😍 2022-11-28 15:31:21 – Paris/France.
Human relationships can be something as wonderful as it is inexplicable, occurring in the most unexpected places and by the most unlikely combination of factors. A material that some independent filmmakers wanted to capture as if it were not a quality that slips through your fingers as if you were trying to catch water with something other than a container.
But sometimes, movie magic manages to be that vessel. Even though during filming it seems that this elusive quality is maintained, the final union of images and sounds ends up capturing this strange inertia, this connection that in reality you cannot experience, does not specify. That's what makes 'Lost In Translation', Sofia Coppola's must-see film, indispensable.

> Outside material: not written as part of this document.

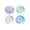 Multicolor-6A Home Decor, variant on JJV 4 Pcs Mini Dumpling Soft Sensory Stress Hand Toys, Squeeze Dough Ball for Stress Relief, Calming Adults Fidget Toys, Party Favors, Desk Decor
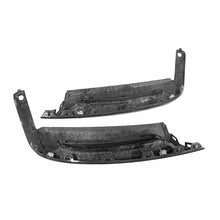 Load image into Gallery viewer, Carbon Fiber Right and Left Lower Rear Bumper Panel Finishers - Porsche 981 Boxster Cayman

Everybody wants to be found
Available to watch on Netflix, this surprisingly successful gem will remain on the platform of Streaming until next Wednesday 30 November. Perhaps there is no better opportunity to appreciate an artist in a state of grace, a precocious Scarlett Johansson and a Bill Murray ready to distort his public image to do one of his best jobs as an actor. actor.

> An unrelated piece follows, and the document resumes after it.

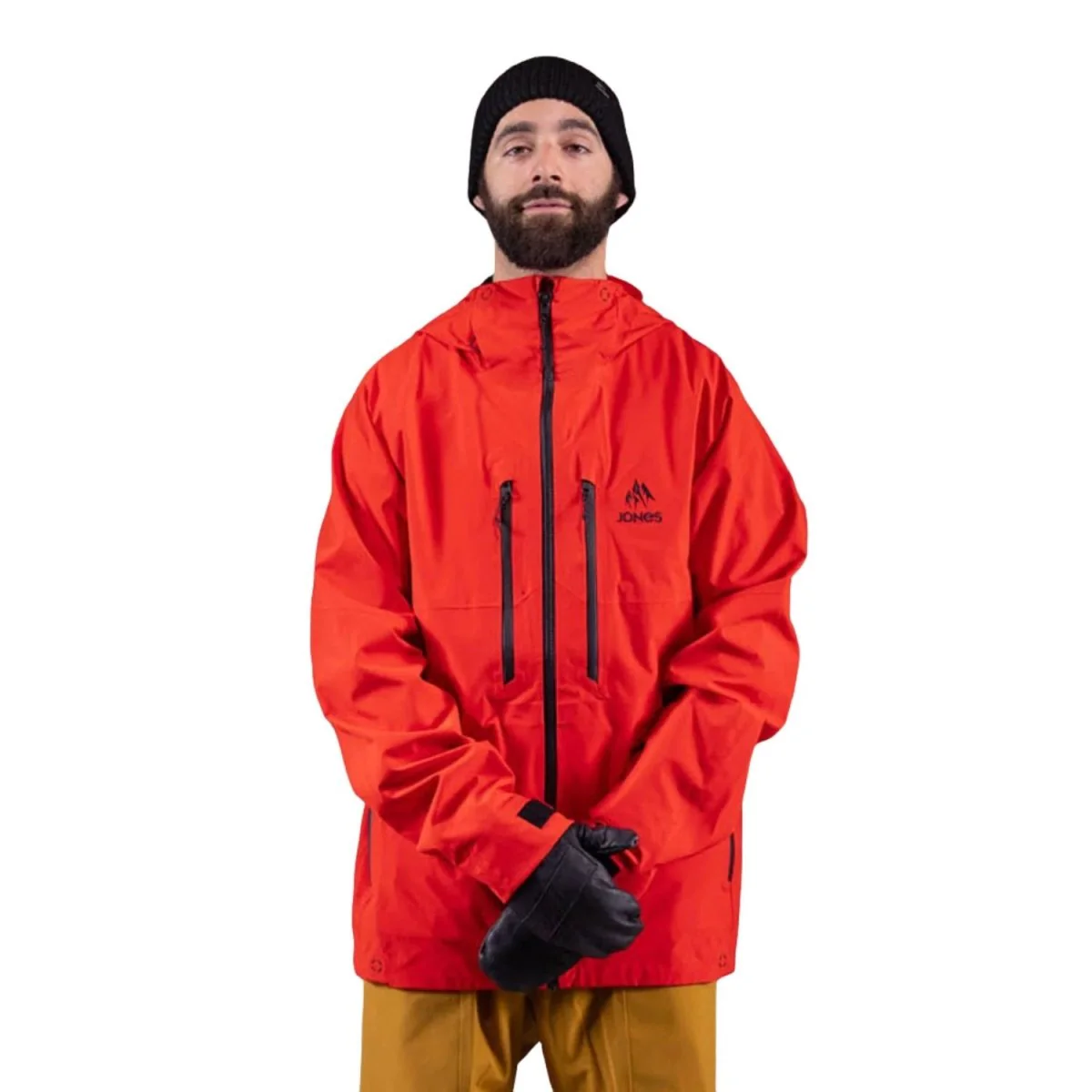 Jones Men's Shralpinist Stretch Recycled Jacket 2025 Lava Red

Murray plays a declining actor who moves to Japan for a series of high-paying but unrewarding jobs. Advertisements for alcohol, promotion on variety shows in which he is clearly out of place and the aggravation of being in a country whose language he does not speak and is miles from someone you know. A situation strangely similar to that of the young woman played by Johansson, living there with her photographer husband and finding enormous loneliness when he is away.
A loneliness that seems to lessen when the two meet and begin to interact. The nature of their relationship is never explicit, or falls into the simplicity of romance, but stems from something much deeper, like the need for feel connected in a paradoxically active and hectic world. Two people who meet when they most need to find someone, without it having to be anything else.
“Lost In Translation”: emotional maelstrom
Coppola manages to bring us into the complex emotional vortex, making an intimate portrait but not a modest sinner. The fascinating life of Japan, the ubiquitous lights, the atmospheric guitar sounds that fill the room. His narrative capacity has never been so high, here avoiding that unfair stigma that makes him end up making very beautiful films but empty of content.
Nothing represents him better than his use of Bill Murray in the film. She and Wes Anderson are among the few who have been able to capture this inherent sadness in the characters she regularly played and shaped her star image. Here, he is reversed and paints an honest and moving portrait. Johansson manages to be quite on his level, but he manages to be one of the big winners of a special movie.